Clopidogrel-aspirin of secondary prevention benefit within 21 days of minor stroke or TIA

08 Oct 2019 byNatalia Reoutova
Clopidogrel-aspirin of secondary prevention benefit within 21 days of minor stroke or TIA

A pooled analysis of two large-scale randomized clinical trials demonstrated that the significant secondary prevention benefit of dual antiplatelet therapy was confined to the first 21 days of administering clopidogrel-aspirin following minor ischaemic stroke or high-risk transient ischaemic attack (TIA).

“In this pooled analysis, we found that clopidogrel-aspirin started within 24 hours of the event significantly reduced the risk of major ischaemic events without increasing the risk of major haemorrhage at 90 days in patients with minor ischaemic stroke or TIA,” wrote the researchers. [JAMA Neurol 2019, doi: 10.1001/jamaneurol.2019.2531]

At 90 days, a new stroke (ischaemic or haemorrhagic) had occurred in 6.5 percent of patients receiving clopidogrel-aspirin and in 9.1 percent of patients receiving aspirin alone (adjusted hazard ratio [aHR], 0.70; 95 percent confidence interval [CI], 0.61 to 0.80; p<0.001). Major haemorrhage occurred in 0.6 percent of patients receiving clopidogrel-aspirin and in 0.4 percent of patients in the aspirin alone group (aHR, 1.59; 95 percent CI, 0.88 to 2.68; p=0.12). However, patients receiving clopidogrel-aspirin had a higher rate of minor haemorrhage at 90 days than those receiving aspirin alone (1.9 percent vs 0.9 percent; aHR, 1.41 to 2.86; p<0.001).

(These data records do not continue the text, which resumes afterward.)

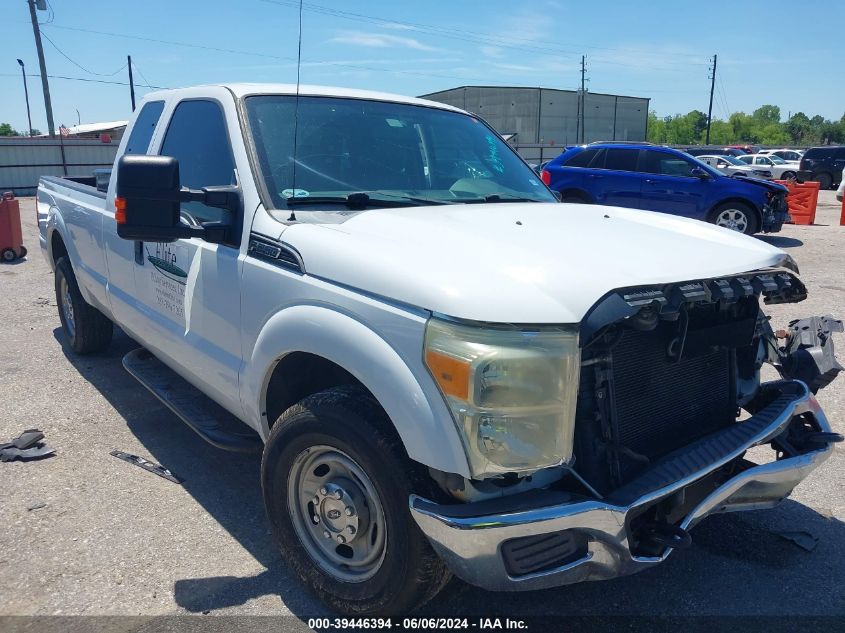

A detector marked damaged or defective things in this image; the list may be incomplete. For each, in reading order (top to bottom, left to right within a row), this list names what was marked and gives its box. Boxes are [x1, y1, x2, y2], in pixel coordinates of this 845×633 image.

damaged front end [408, 266, 836, 592]
detached bumper piece [408, 380, 836, 592]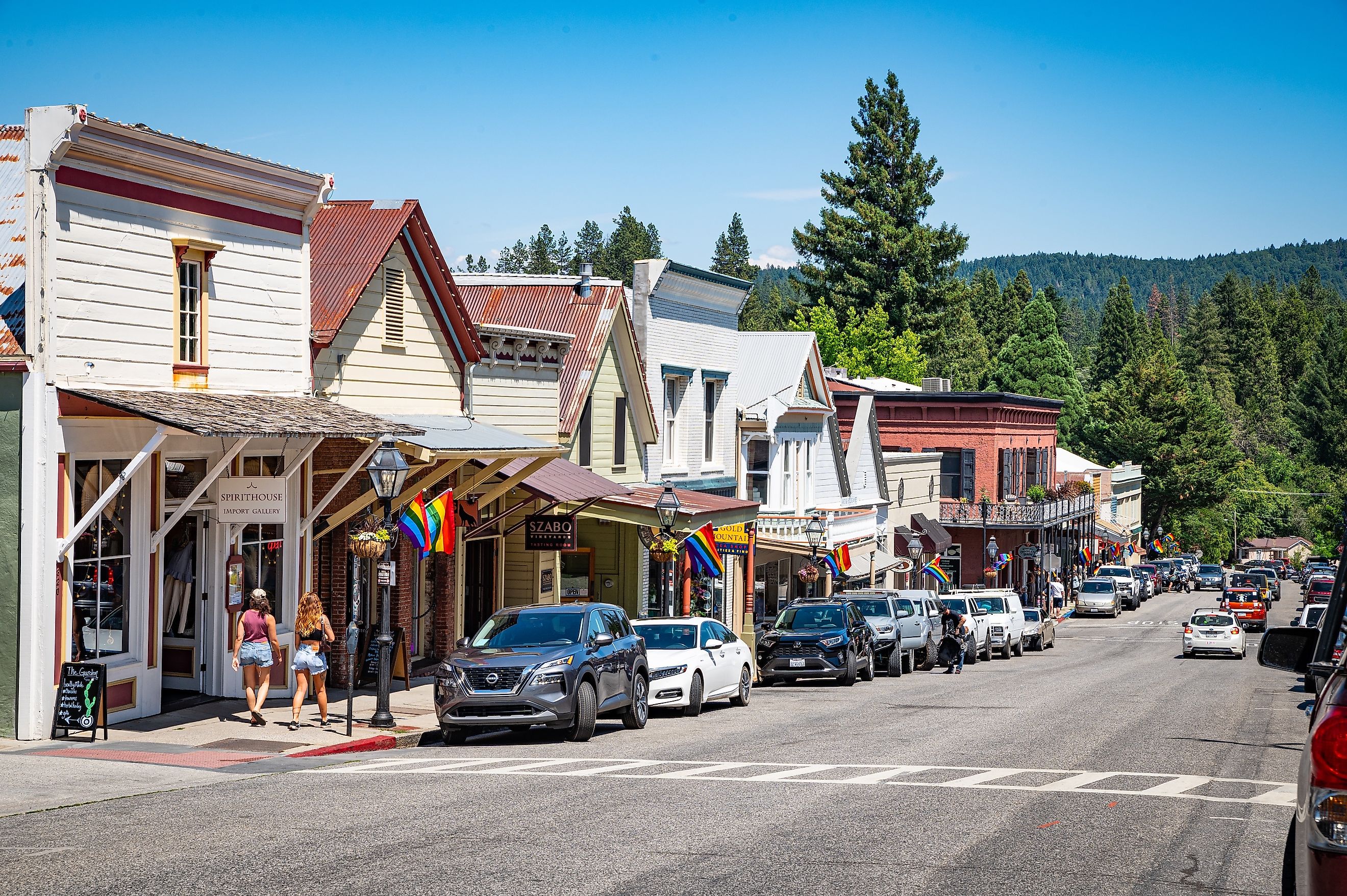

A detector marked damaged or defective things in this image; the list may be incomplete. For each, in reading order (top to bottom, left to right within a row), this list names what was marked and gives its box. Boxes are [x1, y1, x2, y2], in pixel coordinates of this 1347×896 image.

rusted metal roof [1, 126, 24, 356]
rusted metal roof [59, 385, 420, 439]
rusted metal roof [310, 201, 485, 361]
rusted metal roof [453, 275, 630, 439]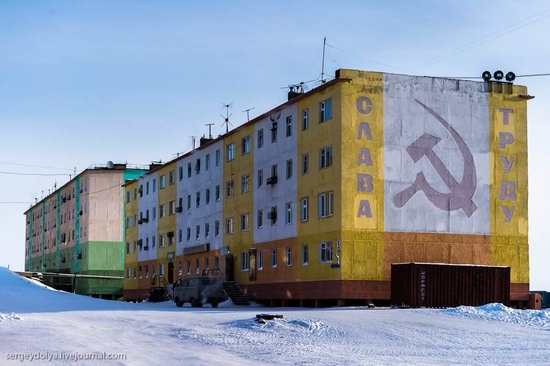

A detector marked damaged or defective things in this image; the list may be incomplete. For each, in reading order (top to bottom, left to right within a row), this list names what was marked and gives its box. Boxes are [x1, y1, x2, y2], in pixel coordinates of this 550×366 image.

rusty metal panel [392, 262, 512, 308]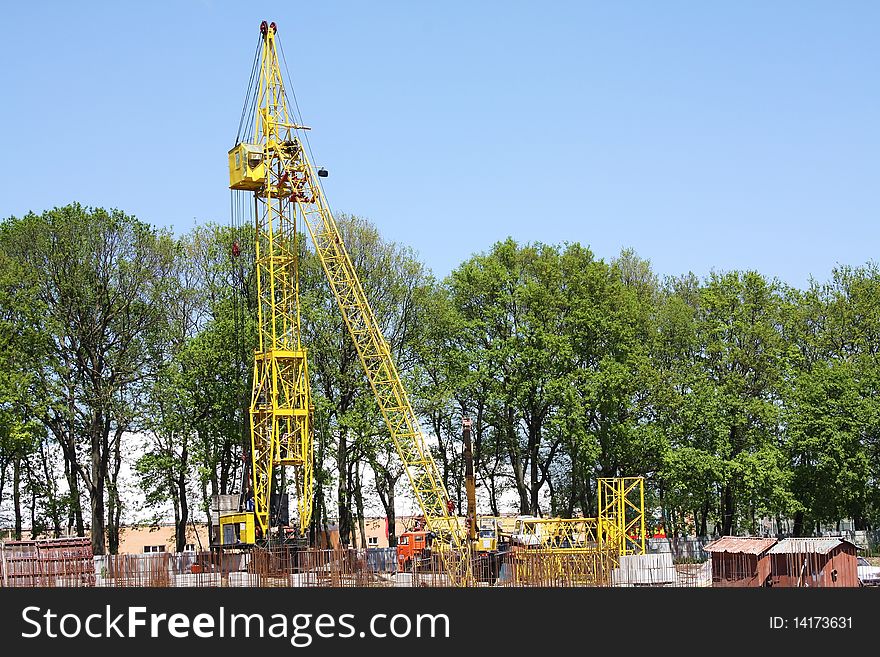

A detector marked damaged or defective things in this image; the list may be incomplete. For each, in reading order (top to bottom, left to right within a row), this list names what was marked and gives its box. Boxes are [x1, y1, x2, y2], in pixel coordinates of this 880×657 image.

rusty metal roof [704, 532, 772, 552]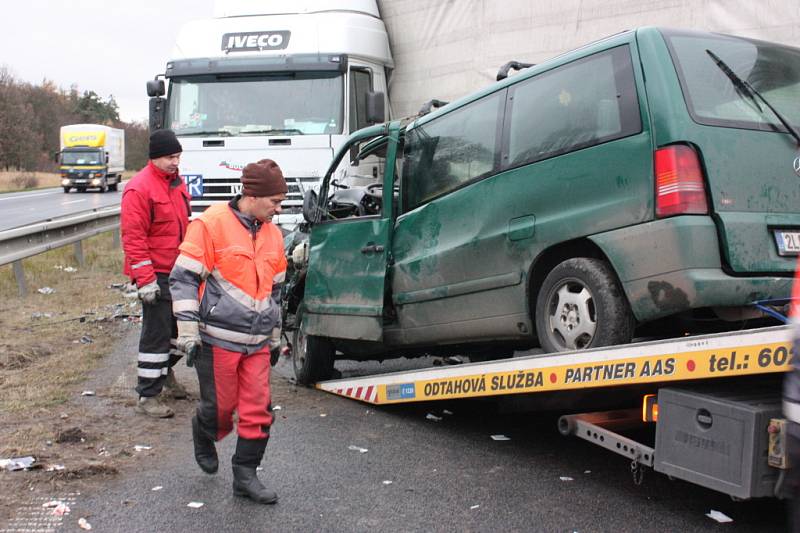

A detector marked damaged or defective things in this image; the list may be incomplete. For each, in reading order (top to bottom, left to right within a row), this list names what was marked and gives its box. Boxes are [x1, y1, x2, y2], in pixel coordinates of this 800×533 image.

shattered windshield area [167, 71, 342, 136]
shattered windshield area [664, 29, 800, 132]
severely damaged green van [284, 27, 800, 382]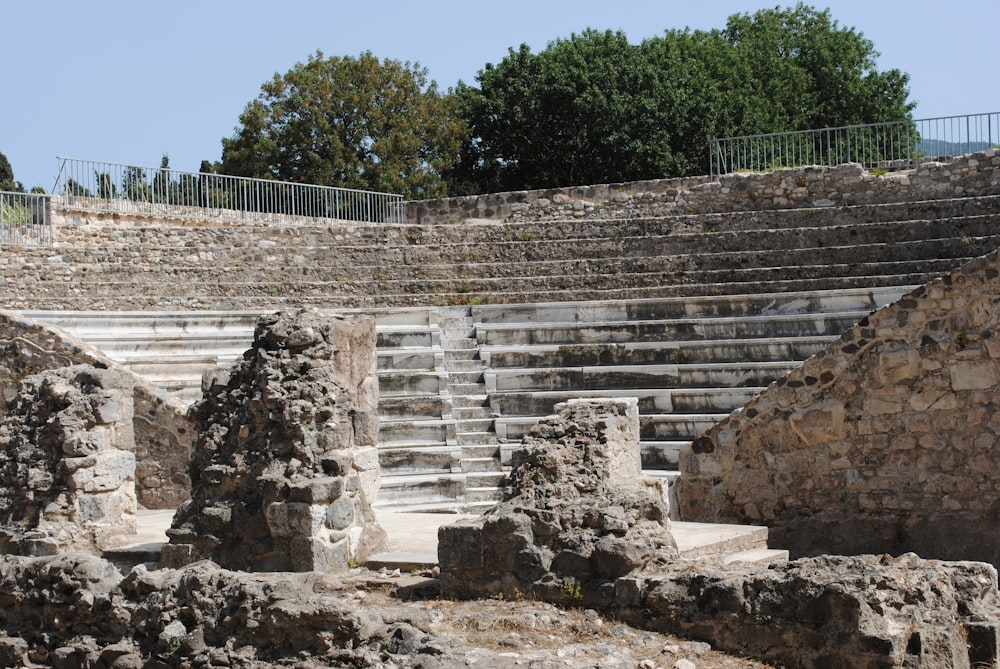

“Within the first 21 days after randomization, patients receiving clopidogrel-aspirin treatment had a lower rate of major ischaemic events compared with those receiving aspirin alone [5.2 percent vs 7.8 percent; adjusted HR, 0.66; 95 percent CI, 0.56 to 0.77; p<0.001],” wrote the researchers.

The greatest reduction in major ischaemic events occurred within the first 10 days. From day 11 to day 21, the clopidogrel-aspirin group had a numerically lower rate of major ischaemic events compared with the aspirin-alone group (0.5 percent vs 0.8 percent; p=0.22). From day 22 to day 90, there were no significant differences between the two groups.

The analysis pooled individual patient-level data from 10,051 participants of the CHANCE (High-Risk Patients with Acute Non-Disabling Cerebrovascular Events) and POINT (Platelet-Oriented Inhibition in TIA and Minor Ischemic Stroke) trials. In those trials, 5,016 patients received clopidogrel-aspirin, while 5,035 patients received aspirin alone. The patients’ median age was 63.2 years, 60.8 percent were male, and 64.7 percent had minor stroke, while 35.3 percent presented with TIA. The CHANCE trial enrolled patients from 114 sites in China between 2009 and 2012, while the POINT trial enrolled patients from 269 international sites between 2010 and 2017.

“Major ischaemic events prevented by clopidogrel-aspirin mostly occurred within the first 21 days after randomization. A clear net clinical benefit of clopidogrel-aspirin was observed during the first 3 weeks of treatment,” concluded the researchers.